Concept Flow - Lazy evaluation in Spark
Define transformations
Build DAG (Directed Acyclic Graph)
Trigger action
Execute DAG
Return results
Spark waits to run computations until an action is called, building a plan (DAG) first, then executing it.
rdd = sc.parallelize([1, 2, 3, 4]) mapped = rdd.map(lambda x: x * 2) filtered = mapped.filter(lambda x: x > 4) result = filtered.collect()

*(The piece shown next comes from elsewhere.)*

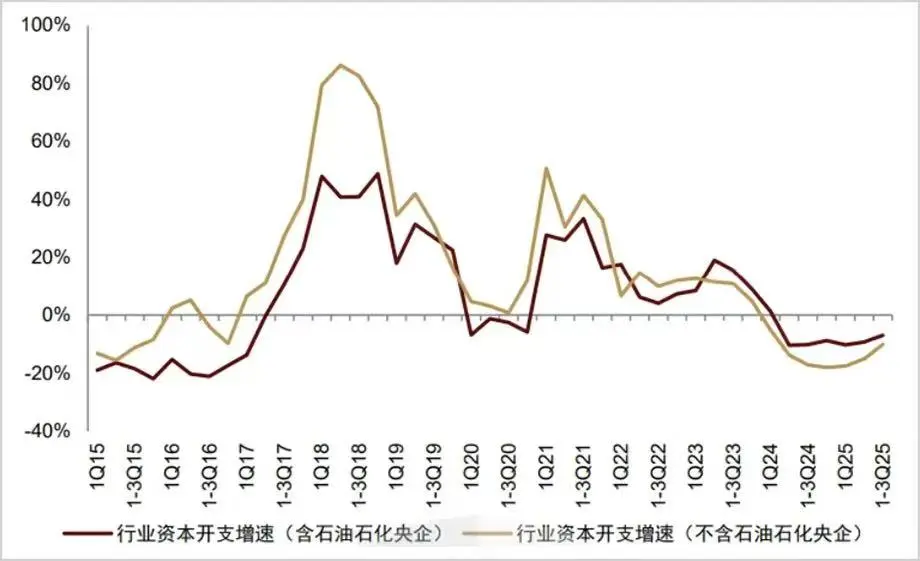 化工行业的周期规律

| Step | Operation | Action Triggered? | DAG State | Execution | Output |
|---|---|---|---|---|---|
| 1 | Create RDD from list [1,2,3,4] | No | DAG with 1 node (source) | No execution | No output |
| 2 | Map: multiply each element by 2 | No | DAG with 2 nodes (source -> map) | No execution | No output |
| 3 | Filter: keep elements > 4 | No | DAG with 3 nodes (source -> map -> filter) | No execution | No output |
| 4 | Collect action called | Yes | DAG ready | Execute all transformations | [6, 8] |
| Variable | Start | After Step 1 | After Step 2 | After Step 3 | After Step 4 |
|---|---|---|---|---|---|
| rdd | undefined | RDD with data [1, 2, 3, 4] | RDD with data [1, 2, 3, 4] | RDD with data [1, 2, 3, 4] | RDD with data [1, 2, 3, 4] |
| mapped | undefined | undefined | RDD with map transformation | RDD with map transformation | RDD with map transformation |
| filtered | undefined | undefined | undefined | RDD with filter transformation | RDD with filter transformation |
| result | undefined | undefined | undefined | undefined | [6, 8] |
Lazy evaluation in Spark means transformations build a plan (DAG) but do not run immediately. Actions like collect() trigger execution of all transformations. This allows Spark to optimize and run efficiently. Transformations are 'lazy'; actions are 'eager'.